### Task goal
Using the listing below, output only the lines from the one that contains "Prada Tessuto Vintage" through the one that contains "Lauren Ralph Lauren", inclusive, exactly as given and without images.

### Entries provided

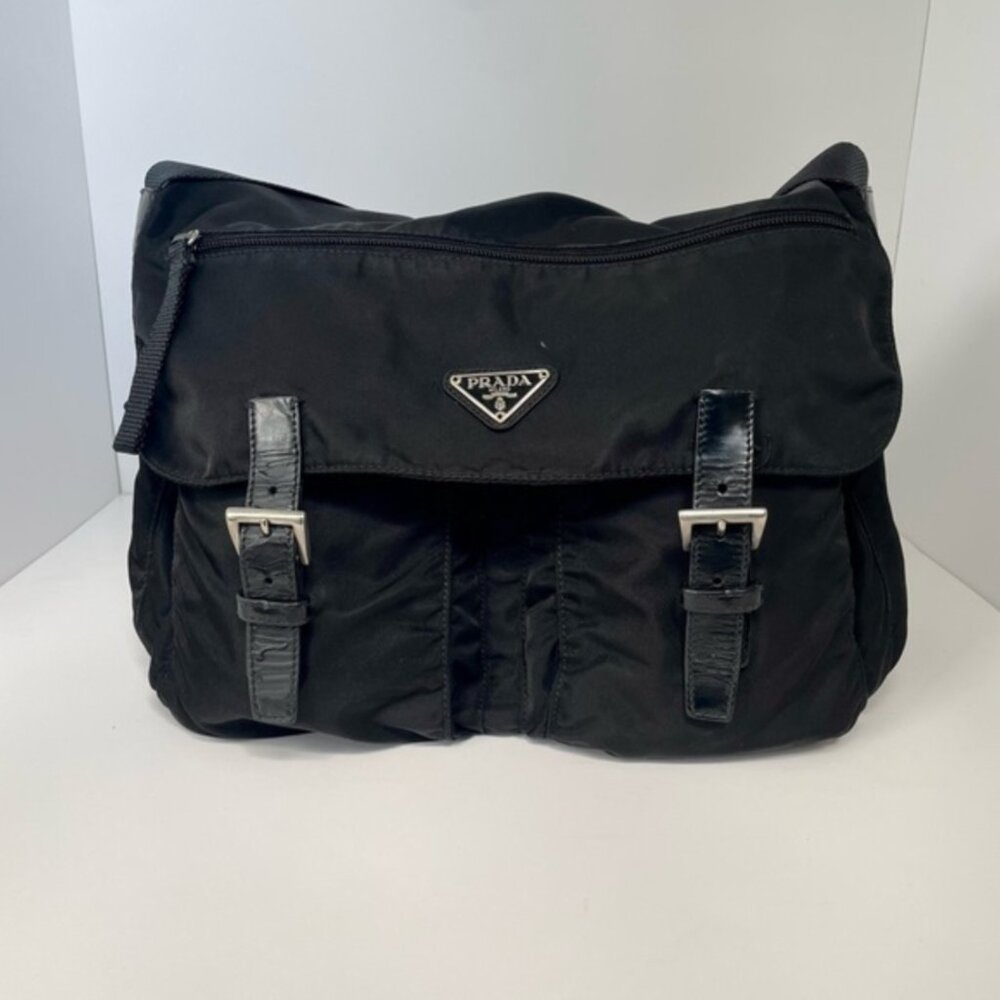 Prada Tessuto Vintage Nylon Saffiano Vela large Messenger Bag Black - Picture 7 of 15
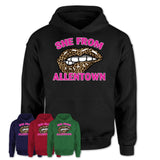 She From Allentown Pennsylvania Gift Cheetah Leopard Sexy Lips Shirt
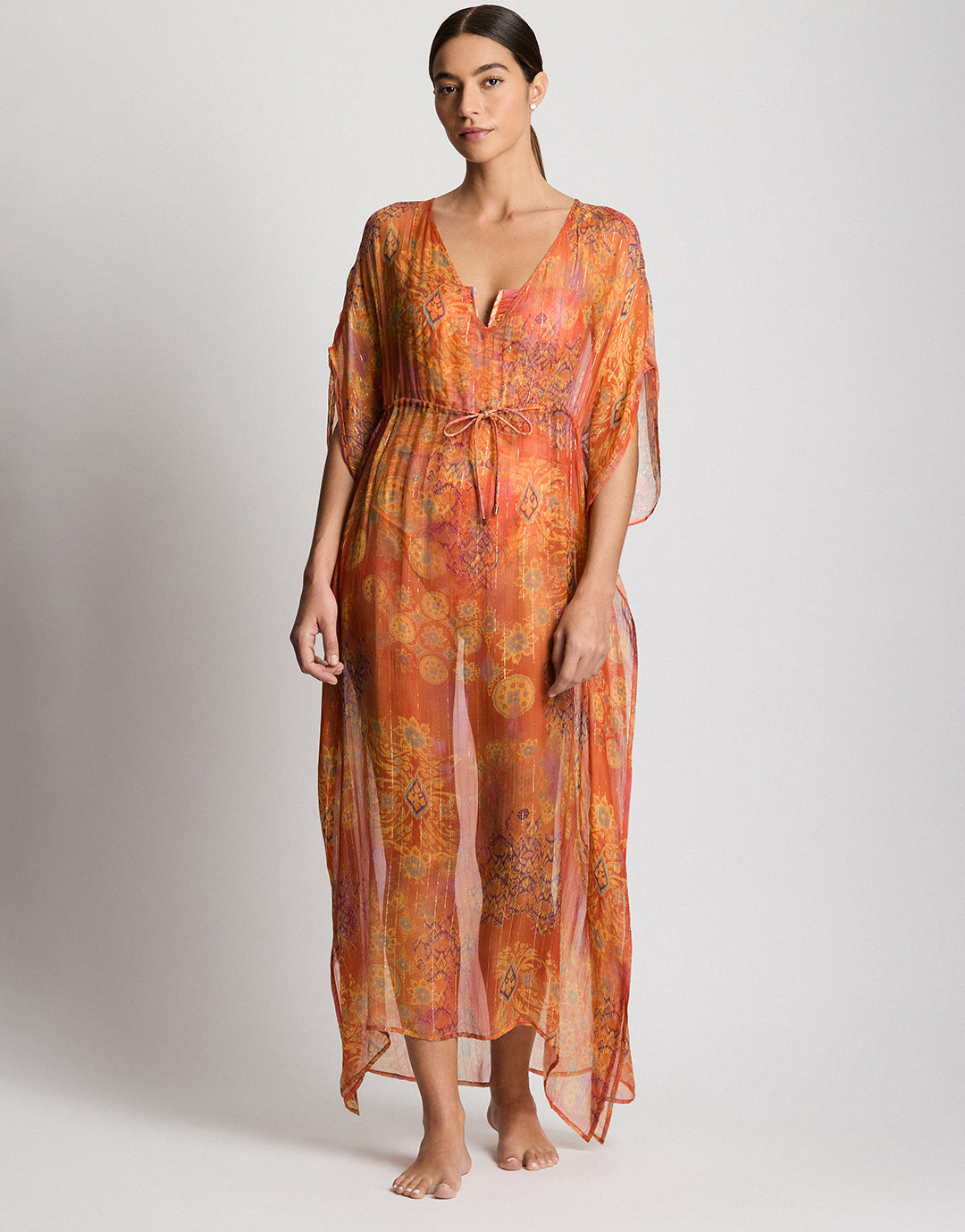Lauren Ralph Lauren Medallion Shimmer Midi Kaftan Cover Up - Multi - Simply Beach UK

---

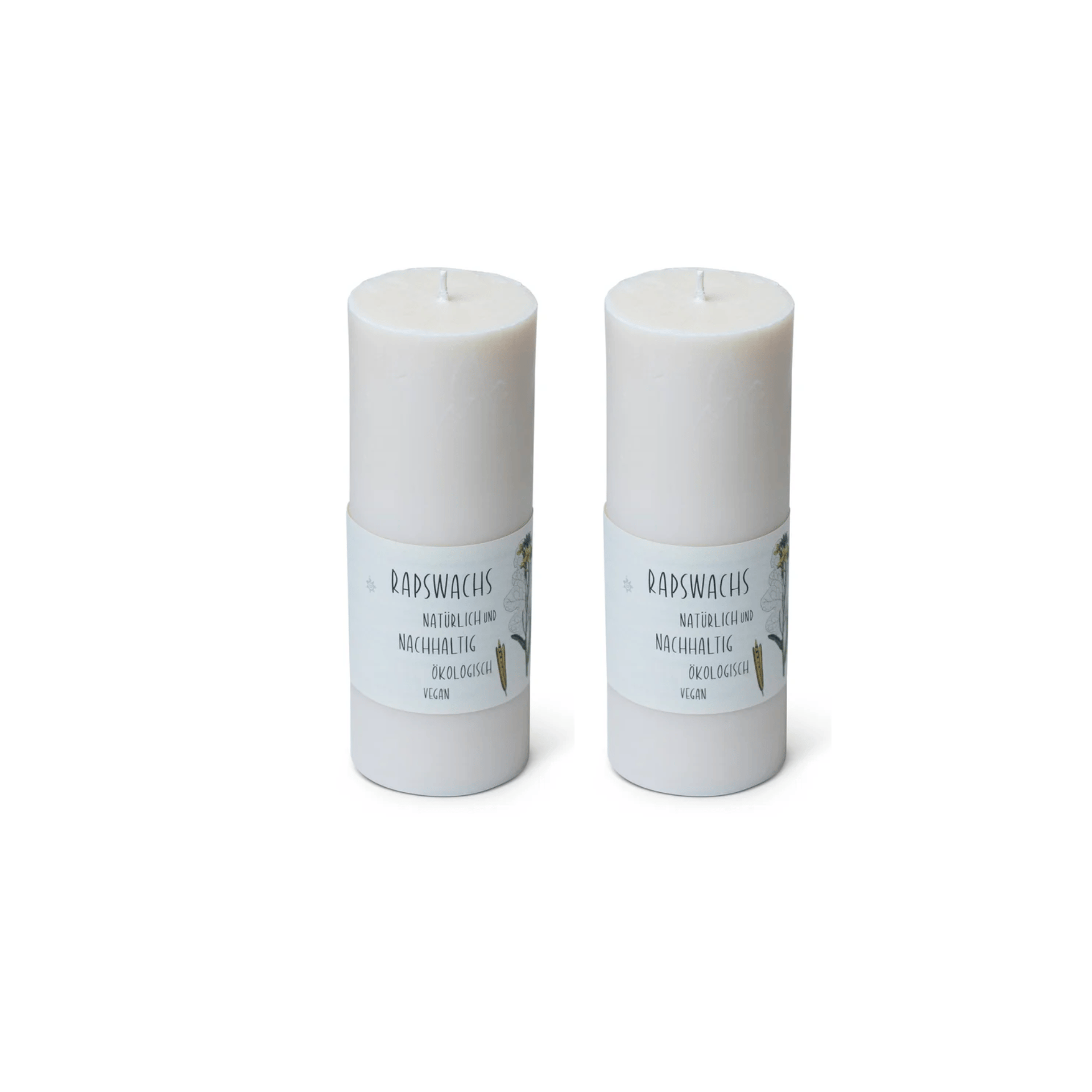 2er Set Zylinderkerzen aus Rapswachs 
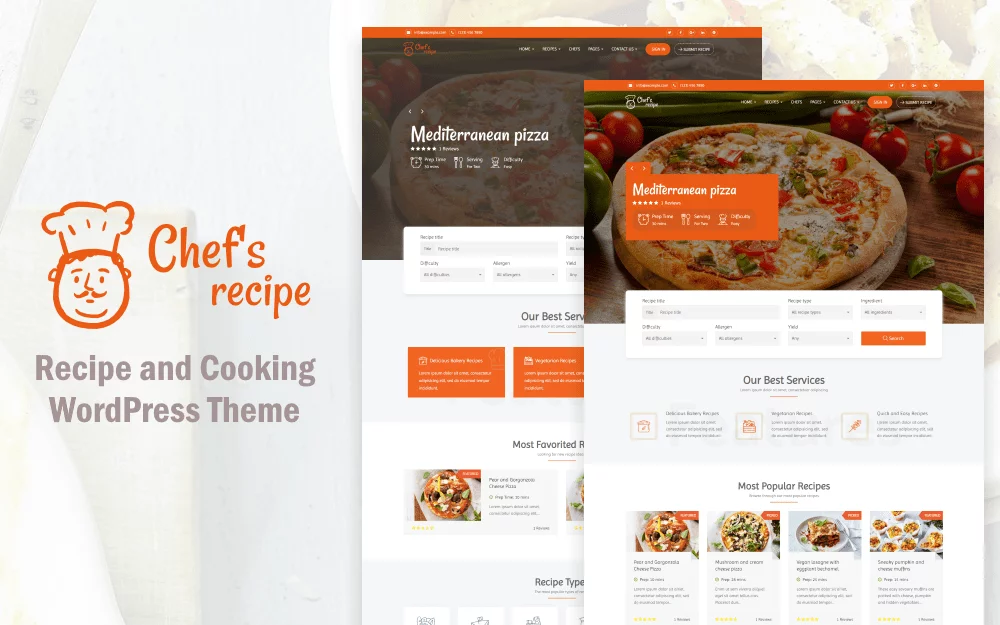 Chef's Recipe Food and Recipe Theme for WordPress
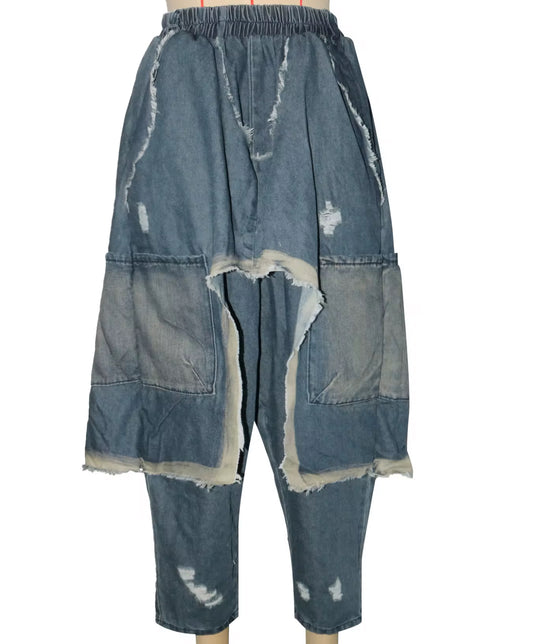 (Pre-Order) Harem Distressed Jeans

---

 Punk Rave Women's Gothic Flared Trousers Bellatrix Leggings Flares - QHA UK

### Answer box
 Prada Tessuto Vintage Nylon Saffiano Vela large Messenger Bag Black - Picture 7 of 15
 She From Allentown Pennsylvania Gift Cheetah Leopard Sexy Lips Shirt
Lauren Ralph Lauren Medallion Shimmer Midi Kaftan Cover Up - Multi - Simply Beach UK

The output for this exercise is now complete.